Hurting Hewitt pans Davis Cup scheduling after Australia eliminated

MADRID (Reuters) - Australia captain Lleyton Hewitt criticised the scheduling at the revamped Davis Cup Finals after his team lost 2-1 to Canada in the quarter-finals on Thursday.

FILE PHOTO: Tennis - Davis Cup Finals - Caja Magica, Madrid, Spain - November 20, 2019 Australia captain Lleyton Hewitt reacts during the match between Alex de Minaur and Belgium's David Goffin REUTERS/Sergio Perez

Australia, playing their third match in successive nights, lost Nick Kyrgios to a collarbone injury before the quarter-final and faced a Canadian team who has a day off on Wednesday.

“The scheduling is a big problem,” twice Grand Slam champion Hewitt told reporters.

“You know, for us to have had to play these three nights in a row, it’s not ideal.

“Yeah, I understand it’s the first time and you’re going to have hiccups and you’ve got to learn from it. But there’s been a lot of small problems, that’s for sure.”

After a two-month break, Kyrgios had been in fine form in Madrid, bashing down 22 aces in a straight sets victory over Steve Darcis late on Wednesday to help Australia beat Belgium and reach the last eight.

But the 24-year-old pulled up sore on Thursday and was replaced by Jordan Thompson, who lost in straight sets to Vasek Pospisil in the opening singles rubber.

“I think (the injury) was similar to what he had at Laver Cup time,” Hewitt said of Kyrgios’s collarbone problem.

“That’s just the way the cards fell.

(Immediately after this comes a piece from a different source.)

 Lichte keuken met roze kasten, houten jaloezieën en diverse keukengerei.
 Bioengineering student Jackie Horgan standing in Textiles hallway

It’s been pretty tough I guess trotting back out the last three nights as well.

“To Johnny’s credit, he went out there and left it all out on the court.”

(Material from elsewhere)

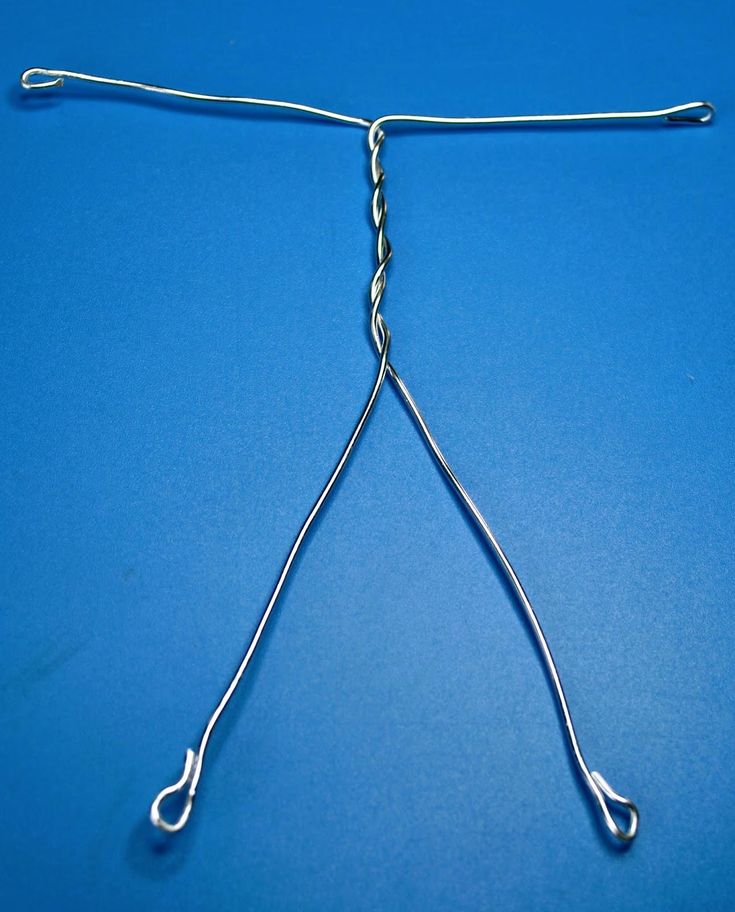 a pair of scissors that are on top of a blue surface with wires attached to it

Hewitt has been a vocal critic of the revamp of the 119-year-old tournament that originally had home and away ties played throughout the year.

Defeat, however, was no less difficult for the 38-year-old, who holds Australia’s record for Davis Cup ties and wins as a player.

“I think in any kind of format that I’ve ever seen anyone play for their country, they go out there and leave it all out there,” he said.

“The format changed but we still came here to give absolutely everything we could, and we did that.

“So, yeah, we’re all hurting at the moment. But it just shows that it means something, which is good.”